Examen radiológico: rayos X de tórax, imagen de tipo reticular en ambos campos pulmonares, confluente hacia los hilios, más acentuado en el hemitórax derecho. Imagen de pequeña atelectasia en hemitórax derecho. Área cardiovascular normal, y mediastino sin alteraciones.

US de tórax: no se ven lesiones parenquimatosas consolidantes, ni imagen de tumoración. Hay signos de hiperventilación pulmonar. El US abdominal arroja hígado que rebasa 1,5 cm el reborde costal, y el resto, normal.

Con todos los datos anteriores, se discutió como una enfermedad pulmonar intersticial pediátrica, y se inició estudio para descartar las múltiples entidades que la producen.

Microbiología: en exudado nasal y faríngeo de secreciones bajas, la flora fue normal. La IgM-IgG para citomegalovirus (CMV), virus Ebstein Barr (EBV), y virus del herpes simple (HSV) resultaron negativos, así como la proteína C reactiva (PCR) en orina para CMV, EBV y HSV. Igualmente, HIV y VDRL fueron negativos, como también ocurrió con la prueba de Mantoux, los cultivos bacteriológicos, micológicos y de bacilo de Koch.

La PCR en sangre fue positiva, el factor reumatoideo negativo, la IGA-2 disminuida, IGG, IGM resultaron normales, y los inmunocomplejos circulantes positivos. La alfa-feto-proteína resultó normal, la LDH aumentada, y los electrolitos en el sudor fueron normales.

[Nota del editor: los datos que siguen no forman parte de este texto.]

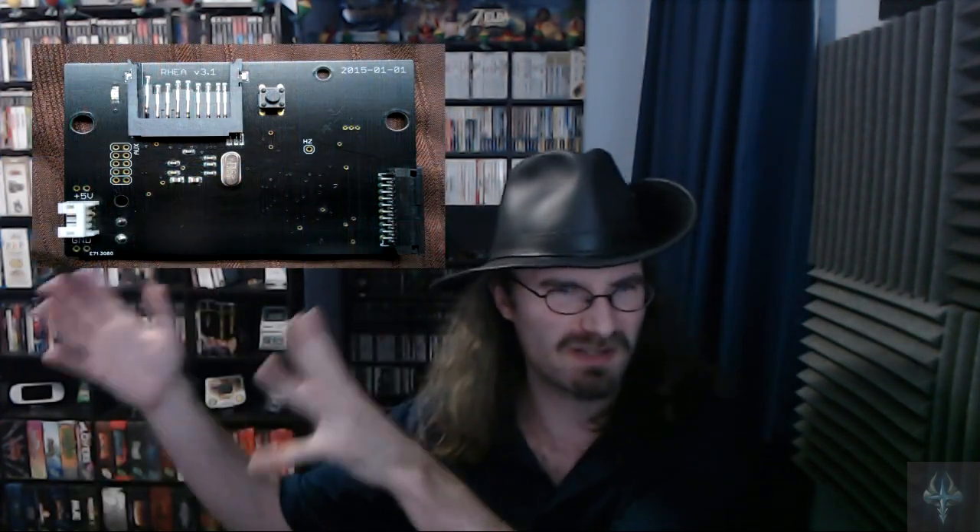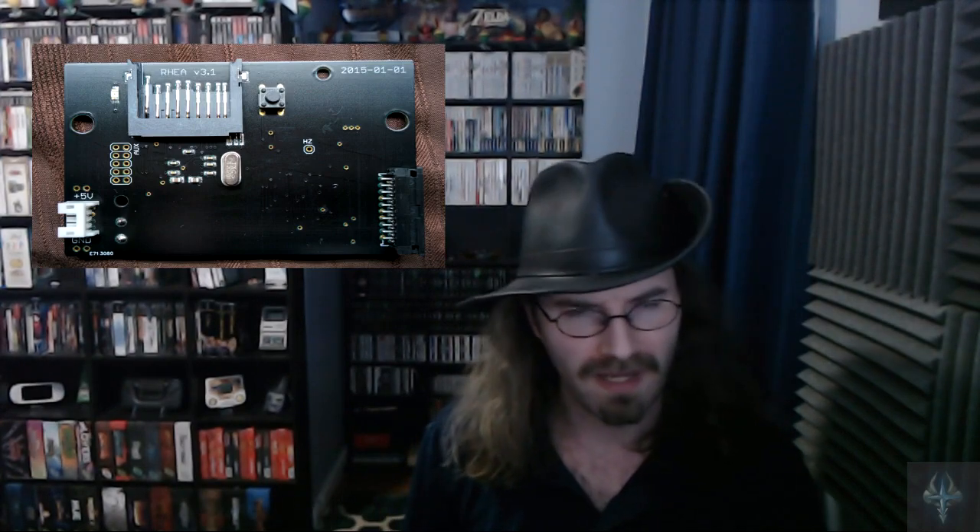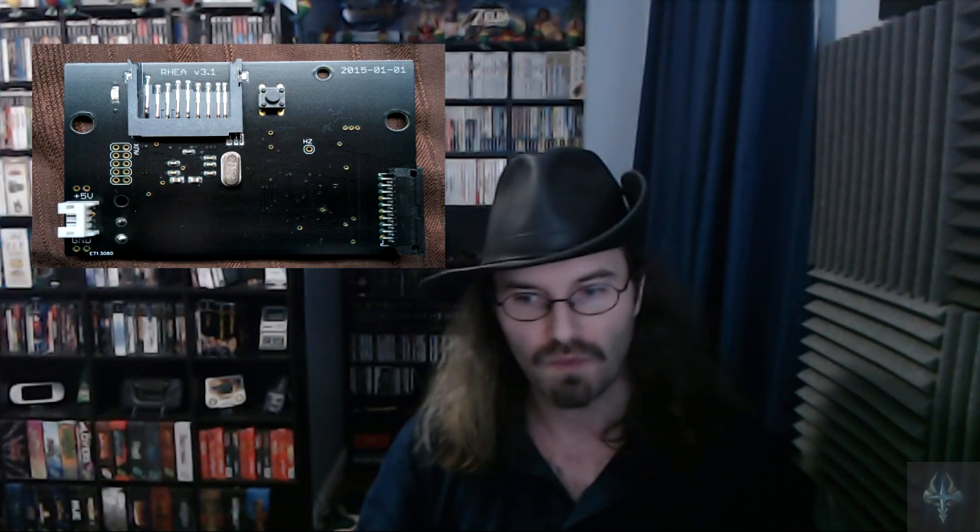Which leads me into the second thing I did — and this is gonna be fun for all you Sega Saturn fans out there. I have right now the world's coolest Sega Saturn. I have the Rhea built in, which I've shown off before. Basically it is a device that removes the CD drive from the Saturn and replaces it with a new circuit board that has an SD card reader built in, so that you can play your games off an SD card. It's great.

El examen de rayos X de esófago, estómago y duodeno bajo pantalla no presentó compresiones esofágicas, ni reflujo gastroesofágico. El US de timo arrojó una hipoplasia tímica, el ecocardiograma no mostró malformaciones, ni hipertensión pulmonar. En el medulograma se descartaron enfermedades mieloproliferativas e infliltrativas. El estudio genético al bebé y a los padres para déficit de alfa 1 antitripsina fue negativo. Se realizó TAC de tórax de alta resolución cuyos resultados se presentan en la figura 1. No se pudo realizar lavado broncoalveolar, ni biopsia pulmonar por las condiciones clínicas del niño.

Durante su estadía hospitalaria el paciente presentó cuadros de hipoxemia, importante cianosis con livedu reticularis y aumento del trabajo respiratorio, por lo que necesitó traslado a Unidad de Cuidados Intensivos en varias ocasiones. Presentó fallo respiratorio progresivo, incremento de los requerimientos de oxígeno, y además, deterioro del estado general, pérdida de peso y emaciación, a pesar del adecuado aporte nutricional e inmunológico. El rayos xde tórax demostró aumento de opacidades pulmonares. Recibió tratamientos antibióticos con piperacilina con tazobactam, ciprofloxacino, trimetropim-cotrimoxazol (por la posibilidad de infección por Pneumocystis jiroveci), fluconazol (por lesiones micóticas orales), meronem, teicoplanina, ceftazidima, esteroides, factor de transferencia, albúmina y glóbulos rojos.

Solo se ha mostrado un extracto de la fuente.